● ACTION ITEM:
Don't include pictures. Quote the lines below from the first through the line that contains "Автокресло Maxi-Cosi Coral".
————————
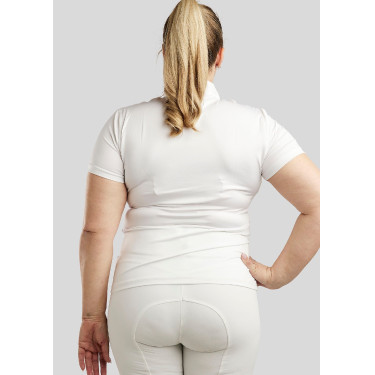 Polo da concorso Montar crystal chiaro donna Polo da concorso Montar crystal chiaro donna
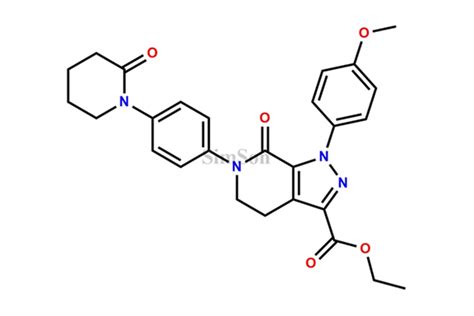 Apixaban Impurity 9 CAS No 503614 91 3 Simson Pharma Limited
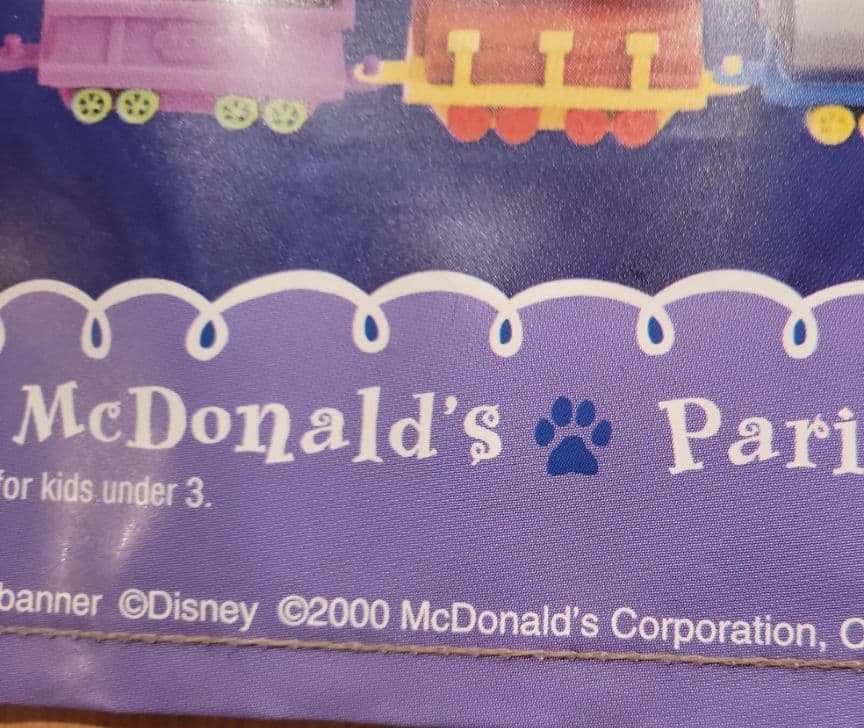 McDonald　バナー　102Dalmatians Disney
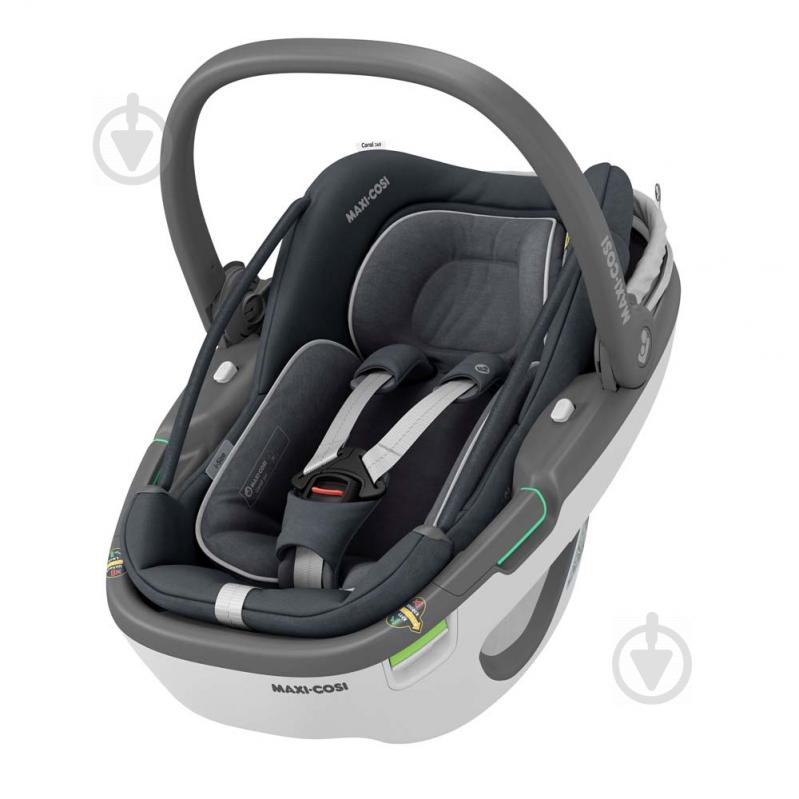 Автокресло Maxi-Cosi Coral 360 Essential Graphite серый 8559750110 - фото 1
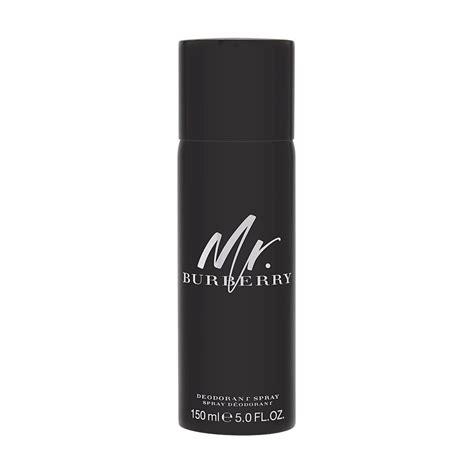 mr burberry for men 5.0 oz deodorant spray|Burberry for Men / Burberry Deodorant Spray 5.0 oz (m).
————————
● WRITTEN SOLUTION:
 Polo da concorso Montar crystal chiaro donna Polo da concorso Montar crystal chiaro donna
 Apixaban Impurity 9 CAS No 503614 91 3 Simson Pharma Limited
 McDonald　バナー　102Dalmatians Disney
 Автокресло Maxi-Cosi Coral 360 Essential Graphite серый 8559750110 - фото 1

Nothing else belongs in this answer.